In the late 1930s Subhas Bose became president of the INC at Gandhi’s behest and his brother Sarat was leader of the opposition in the Bengal Legislative Assembly. A conflict with Gandhi led to Subhas Bose’s resignation from his INC leadership post in 1939 and then his suspension for disobeying INC strictures about demonstrations. Sarat Bose continued playing an important role in Bengal politics until December 1941. The opening of World War II (1939–1945) changed everything in India.
Believing that the British would never leave India peacefully, Subhas Bose departed India secretly in January 1941 and made his way to Germany, where he set up a propaganda center and organized a small force of Indians into the Indian Legion. He decided to cooperate with the enemies of the British Empire to help destroy it. Because his younger brother was working with the enemy, Sarat Bose was imprisoned from 1941 to 1945.

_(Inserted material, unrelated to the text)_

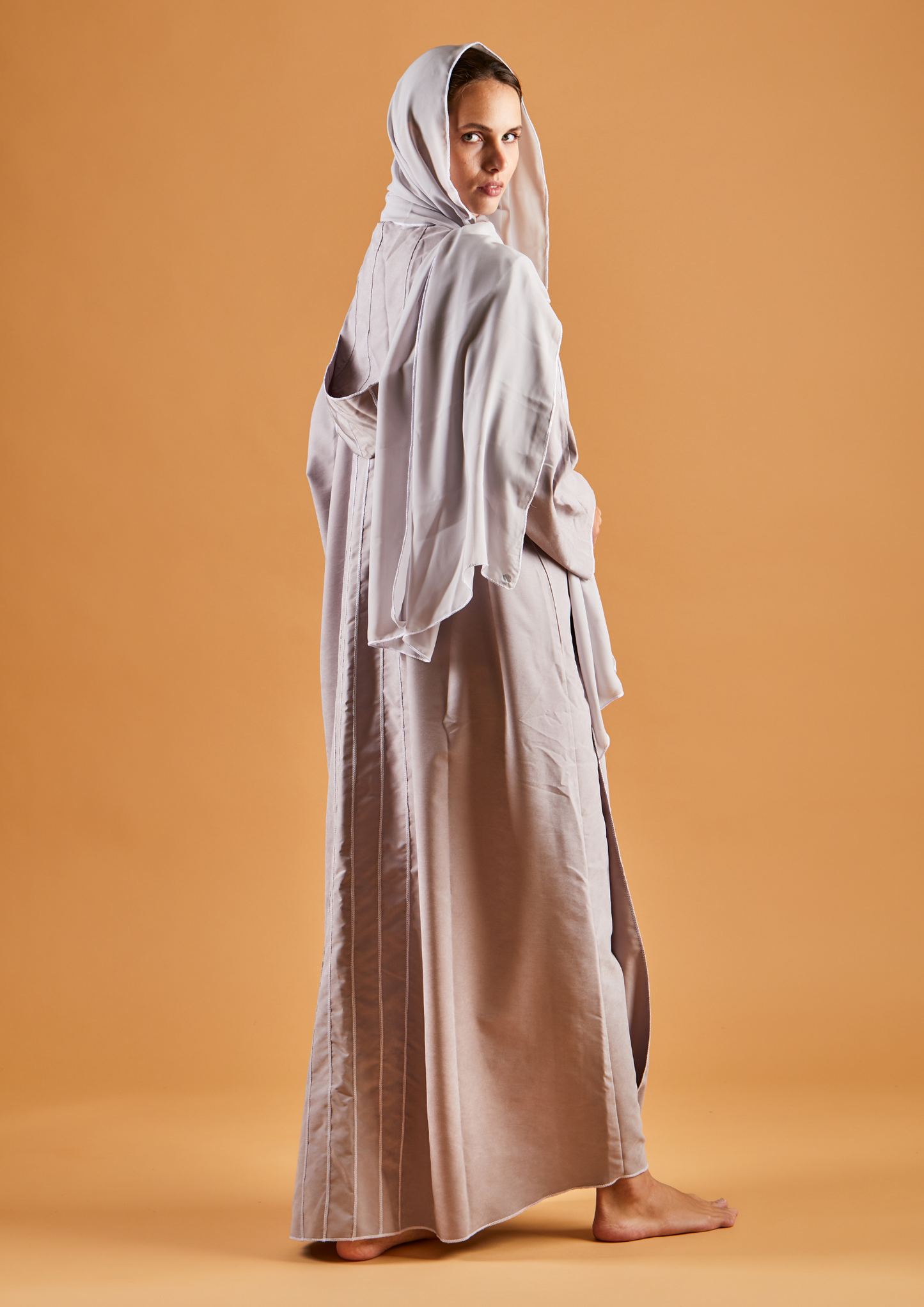 Leisure Abaya Pebble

In 1943 Subhas Bose traveled to Southeast Asia and with Japanese help organized the provisional government of free India and reorganized the Indian National Army (INA) to oppose the British. The Japanese and the INA invaded India in 1944 but were defeated by the Allies. Subhas Bose died in a plane crash in Taiwan in August 1945 as the war ended. Members of the INA were tried for treason, convicted, but then released by the British. In death, Subhas Bose (called “Netaji” or revered leader) became more beloved than in life. Some even disputed that he had ever died in the plane crash.
Sarat Bose was briefly a cabinet minister in the interim government in 1946 and worked to prevent the partition of India as the British prepared to leave the country. After independence and partition in August 1947, Sarat Bose became an opponent and critic of the ruling Congress Party in India, but he died shortly thereafter in 1950.